I scooted over to the toilet seat, thankful that I was somewhat shielded from Damian’s view by the vanity. I unzipped my pants, noticing the scratches for the first time. My skin must have scraped against the sides of the cr
ate he’d locked me up in. I touched the back of my head and felt an egg-sized lump that hadn’t stopped throbbing since I’d come around. My legs protested as I sat down, and there were deep, purple bruises on my knees from rattling around in that wooden crate for who knows how long. Worse, my pee would not come, and when it did, it burned like hot acid. There wasn’t much, probably because I was so dehydrated, but I kept sitting, taking a few deep breaths before standing to wipe myself. I pulled my pants back on and was about to wash my hands when I caught my reflection.
“What the hell?” I turned to him. “What the hell did you do to me?”
He continued staring at me impassively, like he didn’t hear me, like I wasn’t worth answering.
My eyes swung back to the mirror. He’d hacked off my long blond hair and dyed it jet black: butchered it with a blunt pair of scissors and poured some caustic store-bought color over it. Bits of blond hair still stuck out under the dark pieces, making it look like I was wearing a cheap, goth wig. My gray eyes, that had always called attention to my face, faded against the harsh dye job. Combined with my pale eyelashes and brows, I looked like a living ghost.
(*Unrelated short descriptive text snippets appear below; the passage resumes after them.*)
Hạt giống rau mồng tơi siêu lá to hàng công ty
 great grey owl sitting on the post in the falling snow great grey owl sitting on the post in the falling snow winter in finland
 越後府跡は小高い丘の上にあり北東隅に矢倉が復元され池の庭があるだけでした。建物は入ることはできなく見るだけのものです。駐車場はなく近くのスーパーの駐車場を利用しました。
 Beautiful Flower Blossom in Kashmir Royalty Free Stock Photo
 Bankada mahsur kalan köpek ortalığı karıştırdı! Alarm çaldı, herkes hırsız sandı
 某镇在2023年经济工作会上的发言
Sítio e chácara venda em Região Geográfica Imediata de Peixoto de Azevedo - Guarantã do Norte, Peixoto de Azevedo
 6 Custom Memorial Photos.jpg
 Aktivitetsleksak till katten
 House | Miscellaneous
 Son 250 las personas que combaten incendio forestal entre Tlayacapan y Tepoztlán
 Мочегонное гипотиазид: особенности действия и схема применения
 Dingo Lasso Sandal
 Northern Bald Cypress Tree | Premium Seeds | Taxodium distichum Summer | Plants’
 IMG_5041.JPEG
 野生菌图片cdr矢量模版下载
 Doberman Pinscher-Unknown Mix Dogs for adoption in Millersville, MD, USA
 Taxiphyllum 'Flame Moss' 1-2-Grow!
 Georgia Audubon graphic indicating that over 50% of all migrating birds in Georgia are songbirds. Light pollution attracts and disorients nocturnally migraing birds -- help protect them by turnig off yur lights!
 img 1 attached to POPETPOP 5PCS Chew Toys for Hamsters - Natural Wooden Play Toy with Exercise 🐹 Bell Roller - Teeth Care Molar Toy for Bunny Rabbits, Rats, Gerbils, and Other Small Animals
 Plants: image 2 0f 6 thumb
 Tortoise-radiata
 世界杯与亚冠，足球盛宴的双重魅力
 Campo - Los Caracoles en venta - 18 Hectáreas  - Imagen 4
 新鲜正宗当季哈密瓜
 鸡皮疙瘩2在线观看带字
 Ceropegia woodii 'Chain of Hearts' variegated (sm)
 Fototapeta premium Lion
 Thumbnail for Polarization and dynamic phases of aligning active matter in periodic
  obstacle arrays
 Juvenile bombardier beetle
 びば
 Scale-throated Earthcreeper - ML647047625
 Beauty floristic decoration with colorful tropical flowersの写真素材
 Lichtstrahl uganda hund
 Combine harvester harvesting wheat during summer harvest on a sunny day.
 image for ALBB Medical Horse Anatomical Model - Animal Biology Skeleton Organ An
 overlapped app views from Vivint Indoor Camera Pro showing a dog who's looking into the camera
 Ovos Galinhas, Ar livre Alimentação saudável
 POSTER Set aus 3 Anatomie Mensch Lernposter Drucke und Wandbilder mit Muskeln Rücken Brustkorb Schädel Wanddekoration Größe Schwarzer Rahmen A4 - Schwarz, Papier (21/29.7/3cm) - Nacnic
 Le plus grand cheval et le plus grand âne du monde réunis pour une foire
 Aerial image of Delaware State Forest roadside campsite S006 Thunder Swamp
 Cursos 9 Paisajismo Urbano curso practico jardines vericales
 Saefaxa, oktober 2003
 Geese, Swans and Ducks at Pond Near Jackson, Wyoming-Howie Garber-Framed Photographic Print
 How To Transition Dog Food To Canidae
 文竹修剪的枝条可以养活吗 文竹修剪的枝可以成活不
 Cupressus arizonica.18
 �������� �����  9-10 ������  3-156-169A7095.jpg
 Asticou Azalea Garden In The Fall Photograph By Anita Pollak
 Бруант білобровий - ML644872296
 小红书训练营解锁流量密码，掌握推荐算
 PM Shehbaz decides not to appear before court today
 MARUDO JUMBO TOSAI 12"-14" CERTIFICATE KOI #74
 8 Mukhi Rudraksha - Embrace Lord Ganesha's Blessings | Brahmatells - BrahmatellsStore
My nose was scratched, my cheeks were scratched. Dried up rivulets of blood were caked over my ears from where he’d ripped my hair out. Deep, blue hollows ringed my eye sockets and my lips looked as painful and cracked as they felt.
My eyes stung with unshed tears. I couldn’t reconcile this person with the girl I was a few days ago, the girl who was going to turn heads on her twenty-fourth birthday. My father had to know by now that I was missing. I would never have skipped out on the birthday bash he was throwing me. He must have talked to Nick, the last person I’d been with. I didn’t know how many days had passed, but I knew my father had to be looking for me. He would hire the best and he wouldn’t stop until he found me. If he’d tracked my car down to the quay, he would already have considered the possibility that I was on a boat. The thought comforted me. Maybe he was close. Maybe all I needed to do was buy some time so he could catch up.
I felt under my blouse and sighed with relief. It was still there—the necklace my father had given my mother when I was born. It had been passed on to me after her death and I’d worn it ever since. It was a simple gold chain with a round locket. The locket had a transparent glass window that opened like a book. Inside were two rare gemstones—alexandrites—and a pink conch pearl.